The Fragmentation of Responsibility in the Sphere of Orphanhood
Abstract
There are common ways of understanding the factors of deprivation that lead to orphanhood. This includes a dysfunctional social structure, the failure of institutions to promote ‘socialisation’ and the specific circumstances of the individual family as they face the battle to survive and prosper in the challenging environment of Post-Soviet Russia. This article focuses more on the variety of institutions involved in this question and the need for cooperation between them. However, this is proving difficult in the context of the establishment of the ‘vertical of power’ in Russia, whereby a focus on top-down management style along a vertical is reducing institutional independence, identity and effectiveness. This results in a failure to communicate along the horizontal lines that should, in theory at least, exist between institutions involved in the execution and drafting of social policy.

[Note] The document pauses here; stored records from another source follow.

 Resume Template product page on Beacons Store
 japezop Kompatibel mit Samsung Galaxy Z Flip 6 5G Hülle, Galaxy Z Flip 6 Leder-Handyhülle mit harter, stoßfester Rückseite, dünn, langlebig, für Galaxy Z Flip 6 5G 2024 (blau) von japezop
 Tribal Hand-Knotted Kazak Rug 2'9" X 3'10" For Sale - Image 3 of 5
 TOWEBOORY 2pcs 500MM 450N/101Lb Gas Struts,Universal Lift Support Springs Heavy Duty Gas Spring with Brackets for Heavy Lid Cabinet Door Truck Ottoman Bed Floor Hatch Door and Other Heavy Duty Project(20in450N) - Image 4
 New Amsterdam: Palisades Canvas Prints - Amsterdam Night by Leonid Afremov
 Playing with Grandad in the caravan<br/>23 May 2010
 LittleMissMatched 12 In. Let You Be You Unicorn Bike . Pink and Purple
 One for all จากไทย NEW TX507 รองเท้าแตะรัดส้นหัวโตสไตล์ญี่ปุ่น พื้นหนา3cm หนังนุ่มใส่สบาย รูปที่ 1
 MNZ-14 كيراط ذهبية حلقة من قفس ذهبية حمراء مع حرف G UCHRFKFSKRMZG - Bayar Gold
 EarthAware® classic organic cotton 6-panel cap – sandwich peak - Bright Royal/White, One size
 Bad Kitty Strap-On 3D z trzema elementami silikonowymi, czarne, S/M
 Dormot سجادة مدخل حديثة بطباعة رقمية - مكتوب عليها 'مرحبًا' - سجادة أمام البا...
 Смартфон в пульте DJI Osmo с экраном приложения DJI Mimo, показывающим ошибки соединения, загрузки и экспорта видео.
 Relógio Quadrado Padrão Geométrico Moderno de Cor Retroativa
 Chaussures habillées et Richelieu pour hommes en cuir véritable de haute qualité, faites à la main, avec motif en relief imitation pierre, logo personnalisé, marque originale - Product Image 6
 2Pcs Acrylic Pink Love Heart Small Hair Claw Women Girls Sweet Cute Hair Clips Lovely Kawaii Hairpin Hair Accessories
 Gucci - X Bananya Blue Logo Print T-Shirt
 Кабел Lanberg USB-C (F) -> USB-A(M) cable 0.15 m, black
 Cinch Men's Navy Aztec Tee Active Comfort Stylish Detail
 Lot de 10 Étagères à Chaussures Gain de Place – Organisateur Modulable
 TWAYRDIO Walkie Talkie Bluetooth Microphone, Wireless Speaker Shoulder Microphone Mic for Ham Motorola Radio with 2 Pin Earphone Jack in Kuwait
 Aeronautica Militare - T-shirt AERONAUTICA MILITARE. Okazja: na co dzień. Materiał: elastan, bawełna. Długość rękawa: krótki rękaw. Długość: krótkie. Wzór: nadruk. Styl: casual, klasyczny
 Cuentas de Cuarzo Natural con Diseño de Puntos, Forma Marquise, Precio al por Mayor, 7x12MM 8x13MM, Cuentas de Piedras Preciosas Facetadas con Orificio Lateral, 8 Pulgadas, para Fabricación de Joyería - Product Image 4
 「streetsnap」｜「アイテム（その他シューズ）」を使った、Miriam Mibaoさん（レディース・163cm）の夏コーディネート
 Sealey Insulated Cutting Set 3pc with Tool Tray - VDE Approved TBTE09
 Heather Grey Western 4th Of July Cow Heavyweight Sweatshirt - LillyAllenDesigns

This in turn, brings the creation of ruptures between these key organizations in the areas of communication and coordination of activities and projects. The approach here is to review some of the cases of how people experience these institutional deficiencies, working on interviews gathered in Krasnodarsky Krai in April 2008 with those involved in providing social care to orphans. The interviews show the sharp dividing lines of responsibility that has emerged between bodies involved in the care of orphans and their willingness to maintain rigid institutional priorities over the bigger picture of how to care for these families. This qualitative approach allows a better understanding of why orphans are still appearing and how preventative work is failing. It also opens up the question of parental responsibility and the poor attitude they take when engaging with care professionals. Overall, the problem of organisations contradicting each other rather than reinforcing and complementing remains of central importance. As long as the people working in this sector remain bureaucrats at heart, merely following departmental guidelines and failing to sympathise, little progress will be made to combat the problem of fragmented responsibility.